Caption-style text data
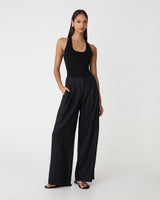 Ami Wide Leg Linen Pants in black — full-length view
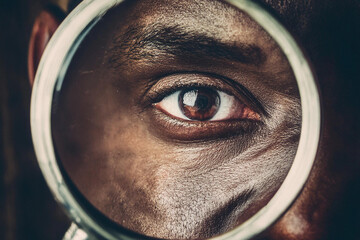 Beautiful detailed macro photography of the eye of a man, woman and children through a magnifying glass as a close or careful focus on the health and optics of vision
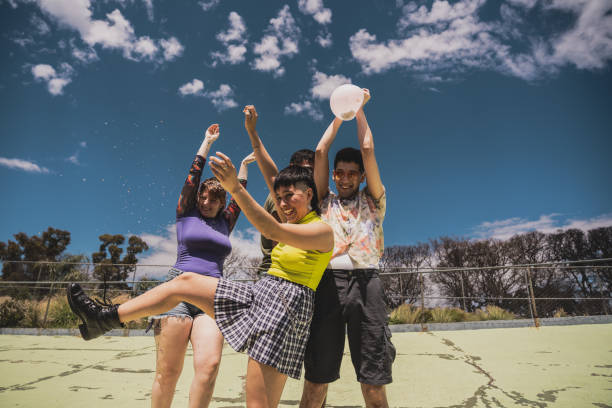 istock Friends playing with balloon in a public park 2161652794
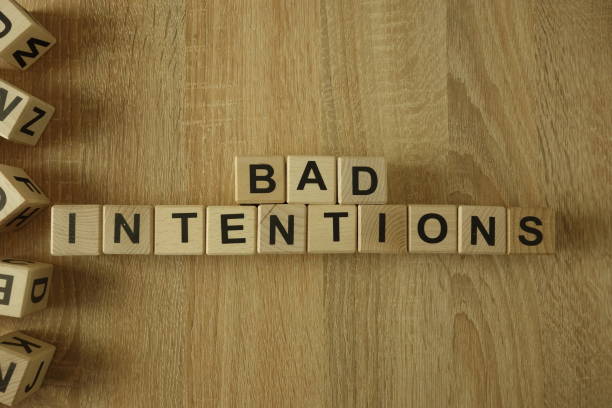 istock Bad intentions text from wooden blocks 1140982096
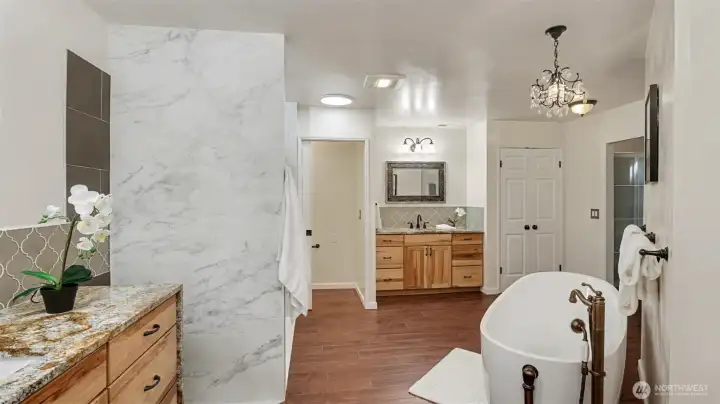 Primary bath also features a new shower, and two large walk-in closets with custom shelving.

> _WHAT IS BEING ASKED_:
Your answer must be an exact repeat of all the records, minus the pictures.

> _WRITTEN SOLUTION_:
 Ami Wide Leg Linen Pants in black — full-length view
 Beautiful detailed macro photography of the eye of a man, woman and children through a magnifying glass as a close or careful focus on the health and optics of vision
 istock Friends playing with balloon in a public park 2161652794
 istock Bad intentions text from wooden blocks 1140982096
 Primary bath also features a new shower, and two large walk-in closets with custom shelving.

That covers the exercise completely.